* _ABOUT THIS EXERCISE_
Those lines of the following listing which contain the string "what" should be returned.

* _ENTRIES SHOWN_

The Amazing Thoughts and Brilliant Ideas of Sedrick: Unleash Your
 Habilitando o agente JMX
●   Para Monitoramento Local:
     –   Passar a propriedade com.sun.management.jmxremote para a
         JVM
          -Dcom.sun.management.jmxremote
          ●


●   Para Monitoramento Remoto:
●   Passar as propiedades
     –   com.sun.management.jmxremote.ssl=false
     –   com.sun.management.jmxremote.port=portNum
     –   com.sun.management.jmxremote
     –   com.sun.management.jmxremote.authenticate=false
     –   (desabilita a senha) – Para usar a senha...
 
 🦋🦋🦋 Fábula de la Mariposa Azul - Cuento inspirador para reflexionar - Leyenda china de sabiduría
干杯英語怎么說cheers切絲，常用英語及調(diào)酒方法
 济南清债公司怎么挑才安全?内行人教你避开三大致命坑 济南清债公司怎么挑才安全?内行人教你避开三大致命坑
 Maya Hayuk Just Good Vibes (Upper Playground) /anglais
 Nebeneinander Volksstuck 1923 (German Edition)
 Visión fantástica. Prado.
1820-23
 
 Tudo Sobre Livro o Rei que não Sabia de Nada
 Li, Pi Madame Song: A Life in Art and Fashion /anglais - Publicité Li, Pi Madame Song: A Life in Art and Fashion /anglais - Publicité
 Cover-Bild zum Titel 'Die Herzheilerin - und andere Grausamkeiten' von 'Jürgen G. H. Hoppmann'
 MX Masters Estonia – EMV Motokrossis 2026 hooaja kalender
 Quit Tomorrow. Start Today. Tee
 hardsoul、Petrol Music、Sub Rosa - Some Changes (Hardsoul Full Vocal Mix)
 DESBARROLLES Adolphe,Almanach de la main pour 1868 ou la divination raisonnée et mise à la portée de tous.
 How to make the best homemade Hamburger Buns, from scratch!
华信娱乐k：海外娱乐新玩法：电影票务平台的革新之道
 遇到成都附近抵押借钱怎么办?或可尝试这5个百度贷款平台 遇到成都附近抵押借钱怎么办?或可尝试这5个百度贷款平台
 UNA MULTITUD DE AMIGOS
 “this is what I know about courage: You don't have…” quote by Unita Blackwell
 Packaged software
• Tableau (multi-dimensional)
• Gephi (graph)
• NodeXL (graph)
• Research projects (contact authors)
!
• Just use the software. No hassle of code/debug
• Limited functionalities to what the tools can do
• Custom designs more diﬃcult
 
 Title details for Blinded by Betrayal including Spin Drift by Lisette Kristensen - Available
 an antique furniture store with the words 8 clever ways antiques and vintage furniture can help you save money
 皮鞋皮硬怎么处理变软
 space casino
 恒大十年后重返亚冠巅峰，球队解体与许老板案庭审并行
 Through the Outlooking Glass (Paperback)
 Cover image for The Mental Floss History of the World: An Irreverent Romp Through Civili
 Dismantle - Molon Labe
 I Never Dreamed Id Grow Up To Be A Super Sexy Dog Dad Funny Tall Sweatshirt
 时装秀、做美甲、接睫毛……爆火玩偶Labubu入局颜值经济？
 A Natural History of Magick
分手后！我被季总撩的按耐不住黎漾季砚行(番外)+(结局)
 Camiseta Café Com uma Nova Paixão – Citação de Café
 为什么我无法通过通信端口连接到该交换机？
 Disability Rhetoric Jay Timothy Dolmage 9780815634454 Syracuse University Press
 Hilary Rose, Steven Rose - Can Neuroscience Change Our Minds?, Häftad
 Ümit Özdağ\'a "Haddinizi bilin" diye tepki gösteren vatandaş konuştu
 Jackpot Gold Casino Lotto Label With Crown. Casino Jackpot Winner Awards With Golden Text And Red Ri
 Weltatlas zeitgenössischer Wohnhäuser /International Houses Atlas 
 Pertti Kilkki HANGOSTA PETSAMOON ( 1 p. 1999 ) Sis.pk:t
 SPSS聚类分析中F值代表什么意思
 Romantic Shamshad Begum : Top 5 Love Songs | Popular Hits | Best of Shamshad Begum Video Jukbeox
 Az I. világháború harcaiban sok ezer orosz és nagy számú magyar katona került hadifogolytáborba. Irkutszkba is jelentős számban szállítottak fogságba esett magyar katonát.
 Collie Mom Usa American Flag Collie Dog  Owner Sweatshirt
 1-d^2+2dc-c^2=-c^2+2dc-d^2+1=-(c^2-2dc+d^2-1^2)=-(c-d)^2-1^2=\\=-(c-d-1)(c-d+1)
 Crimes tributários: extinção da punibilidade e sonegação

* _SOLUTION TO THIS PROBLEM_
 “this is what I know about courage: You don't have…” quote by Unita Blackwell
• Limited functionalities to what the tools can do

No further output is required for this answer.